Exhibitions spotlight pivotal moments in ICA history

In honor of its 50th anniversary, the ICA has presented three exhibitions highlighting pivotal moments in its development. Collectively titled ``Dissent,'' the exhibitions began with ``The Expressionist Challenge'' (Dec. 5, 1985-Feb. 9, 1986), a didactic examination of the ICA's support for Northern European and German Expressionist art, much of which was declared ``degenerate'' by the Nazis during the 1930s and '40s. The second exhibition, ``Revolt in Boston: Fear vs. Freedom,'' (Feb. 18-April 20) re-created the controversial period of the late '40s, when the Boston museum changed its name from the Institute of Modern Art to the the Institute of Contemporary Art. This seemingly benign revision was interpreted by the artistic left as a forsaking of advanced art, and by the political right as a public admission of modernism's worthless ness.
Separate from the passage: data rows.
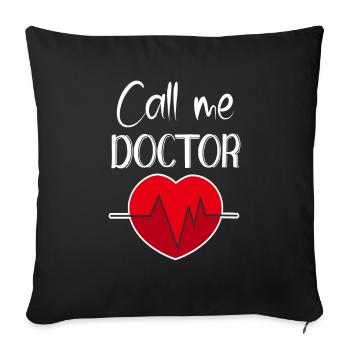 Call Me Doctor Call Me Doctor Doctorate Diploma - Sofa pillowcase 17,3'' x 17,3'' (45 x 45 cm) - black - Front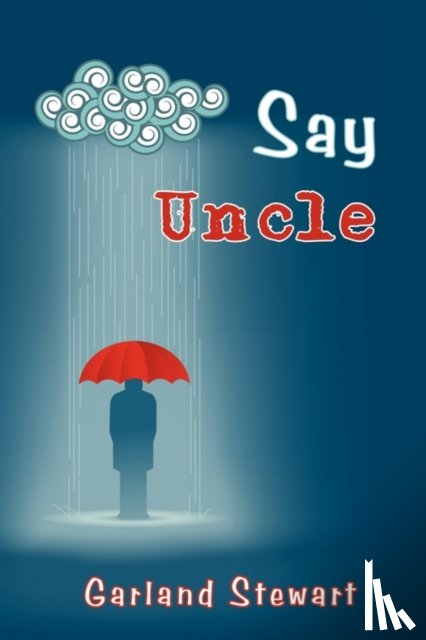 Stewart, Garland - Say Uncle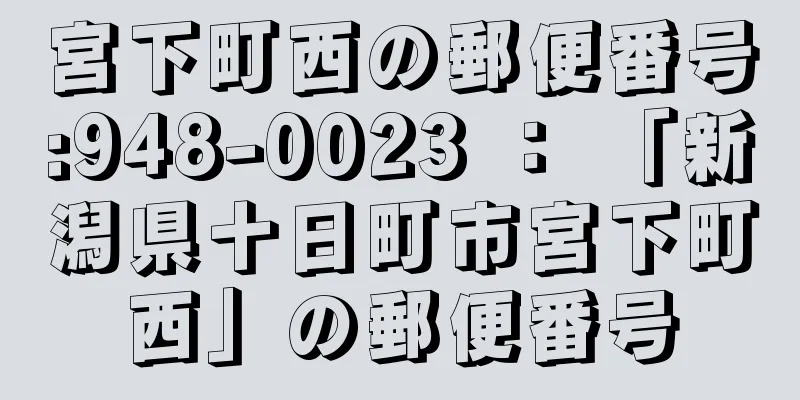 宮下町西の郵便番号:948-0023 ： 「新潟県十日町市宮下町西」の郵便番号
Both of these impressions were further solidified when, in 1949, the ICA presented a show titled ``American Painting in Our Century,'' which deliberately avoided such emerging Abstract Expressionist giants as Jackson Pollock and Willem de Kooning. Pressured on all sides, the ICA finally issued a joint manifesto with the Museum of Modern Art and the Whitney Museum of American Art in 1950, in support of both abstraction and modernism.

Completing the ``Dissent'' series is the exhibition ``As Found'' (April 30-June 15), a reference to a 1966 exhibition of the same name, for which the ICA invited a group of artists to exhibit found objects from the environment. This show was conceived as an expansion of Marcel Duchamp's ``ready-made idea,'' which pronounced that everything -- including the most banal industrial object -- is art when placed in a gallery context. For the current exhibit, the ICA will show work by a number of well-known contemporary artists, including Jenny Holzer and Sherrie Levine, who appropriate imagery from movies, television, and print media, thus echoing the idea that art is all around us.